---- Record extracts

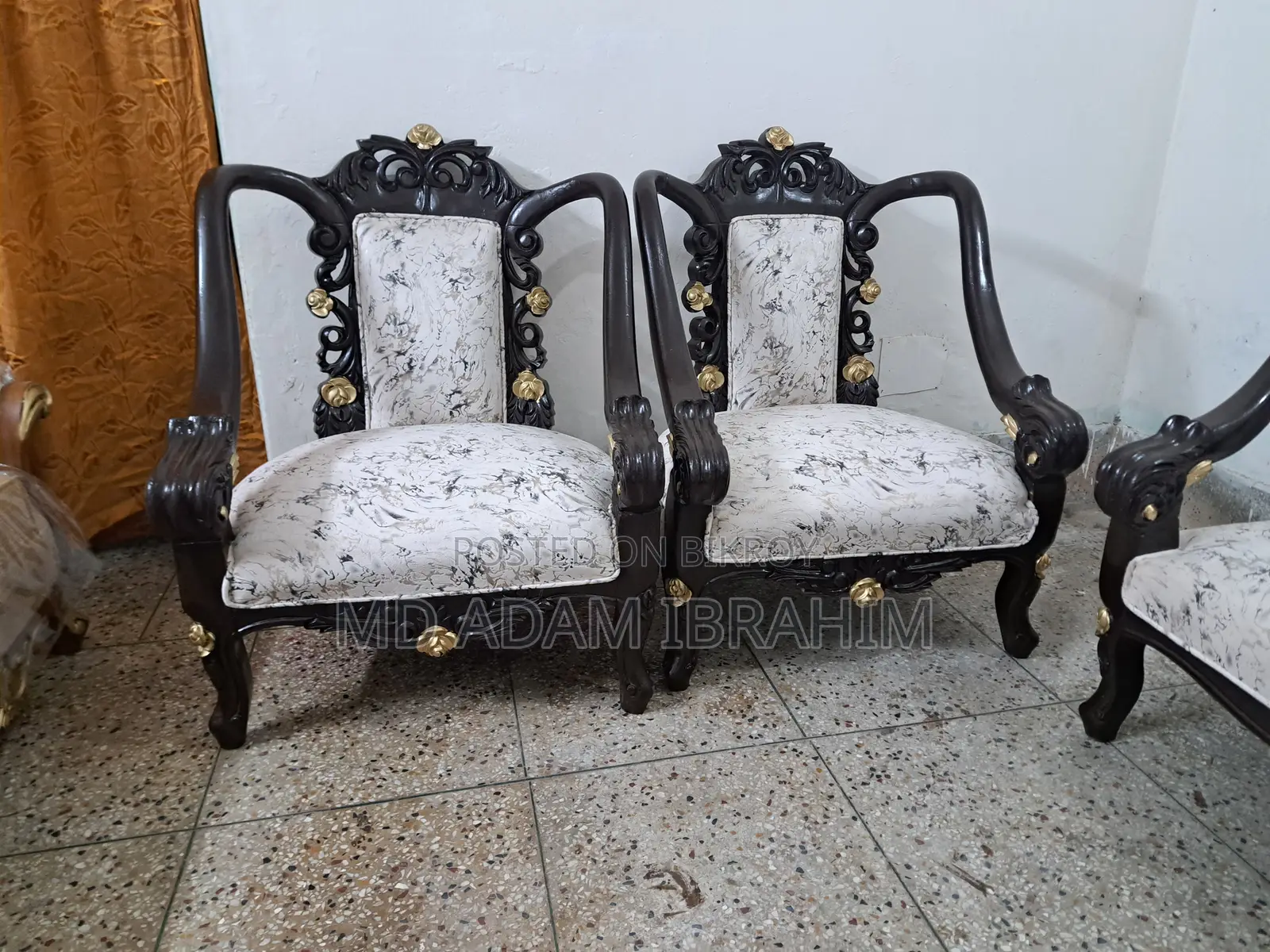 কুইন স্টাইল সোফা সেট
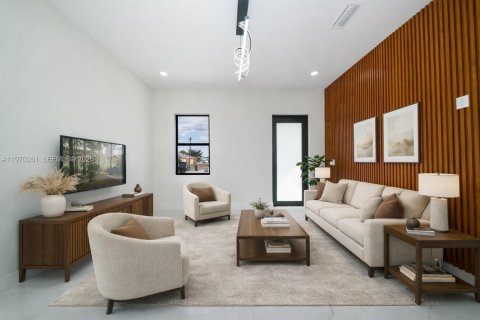 Купить виллу или дом в Лихай-Эйкерс, Флорида 3 спальни, 98.2м2, № 2031505 - фото 2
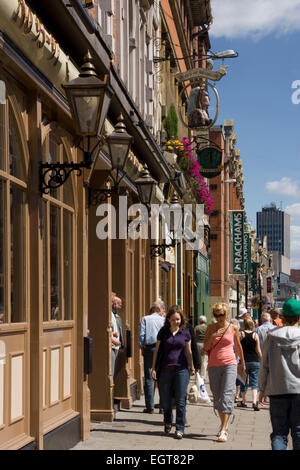Königin der Bradgate Pub auf Humberstone Gatter, High Street, Leicester, England, UK Stockfoto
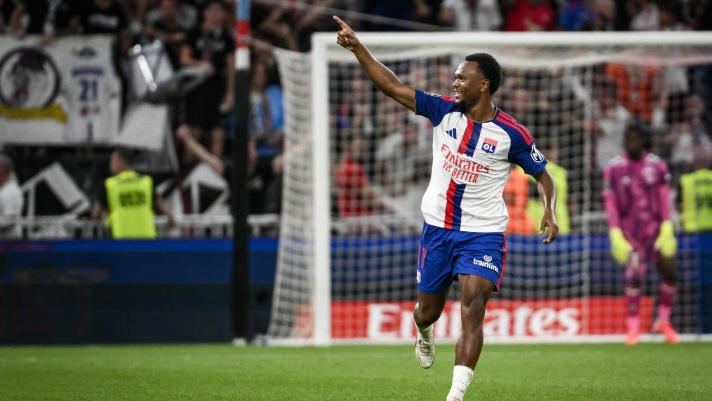 Lyon's Belgian forward #17 Lois Openda celebrates after scoring his team's first goal during the French L1 football match between Olympique Lyonnais (OL) and Le Havre AC (HAC) at the Groupama Stadium in Decines-Charpieu, central-eastern France on August 29, 2026. (Photo by ARNAUD FINISTRE / AFP)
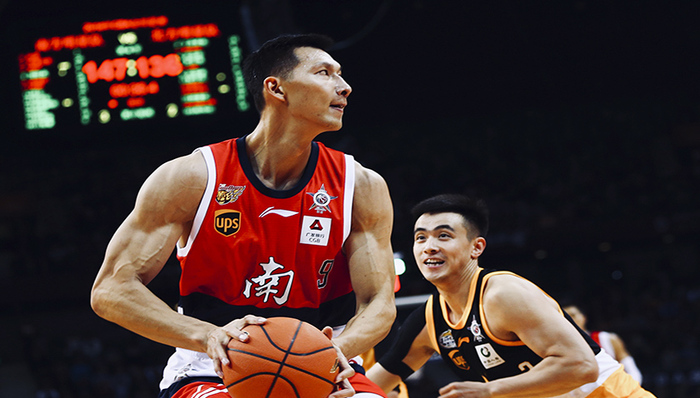 【体育早报】巴萨逆转击败皇家社会 CBA全明星正赛南方队获胜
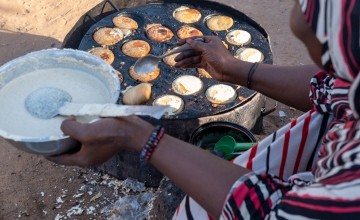 A woman makes breakfast in Tahoua, northwestern Niger. (Photo: Darren Vaughan/Concern Worldwide)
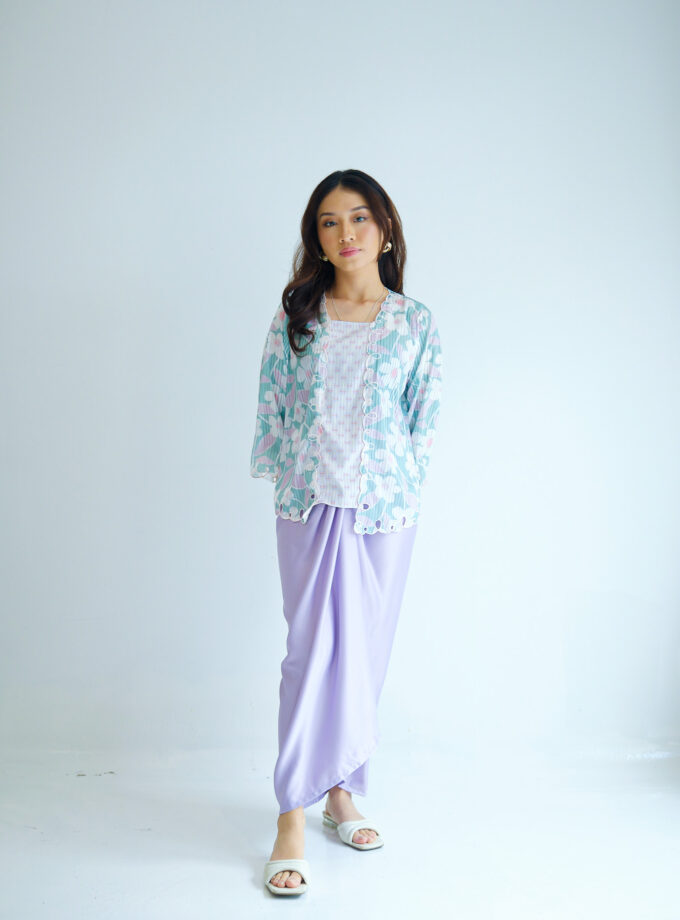 Sakura Kebaya Women Set in Pistachio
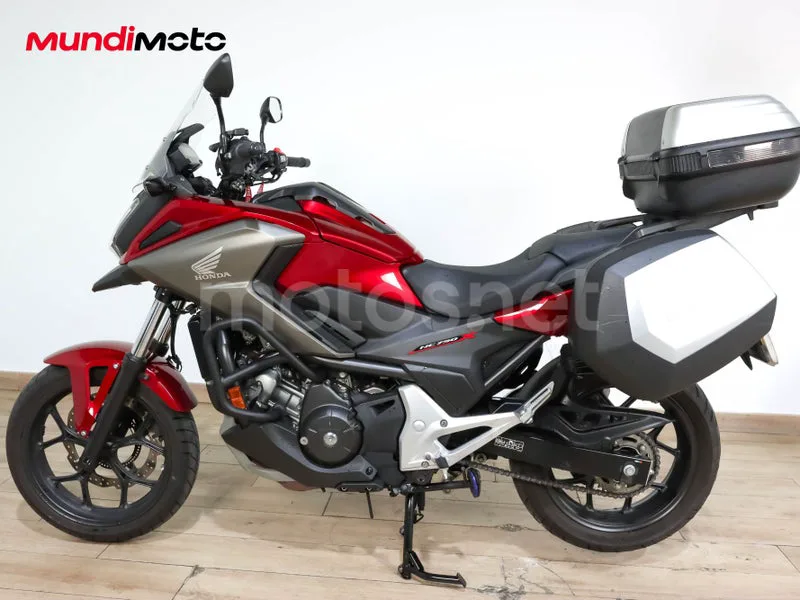 Honda NC750S - Vista 6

--------

**Work item**
Everything in the records must be returned exactly, except the pictures.

**Solution for this task**
 কুইন স্টাইল সোফা সেট
 Купить виллу или дом в Лихай-Эйкерс, Флорида 3 спальни, 98.2м2, № 2031505 - фото 2
Königin der Bradgate Pub auf Humberstone Gatter, High Street, Leicester, England, UK Stockfoto
 Lyon's Belgian forward #17 Lois Openda celebrates after scoring his team's first goal during the French L1 football match between Olympique Lyonnais (OL) and Le Havre AC (HAC) at the Groupama Stadium in Decines-Charpieu, central-eastern France on August 29, 2026. (Photo by ARNAUD FINISTRE / AFP)
 【体育早报】巴萨逆转击败皇家社会 CBA全明星正赛南方队获胜
 A woman makes breakfast in Tahoua, northwestern Niger. (Photo: Darren Vaughan/Concern Worldwide)
 Sakura Kebaya Women Set in Pistachio
 Honda NC750S - Vista 6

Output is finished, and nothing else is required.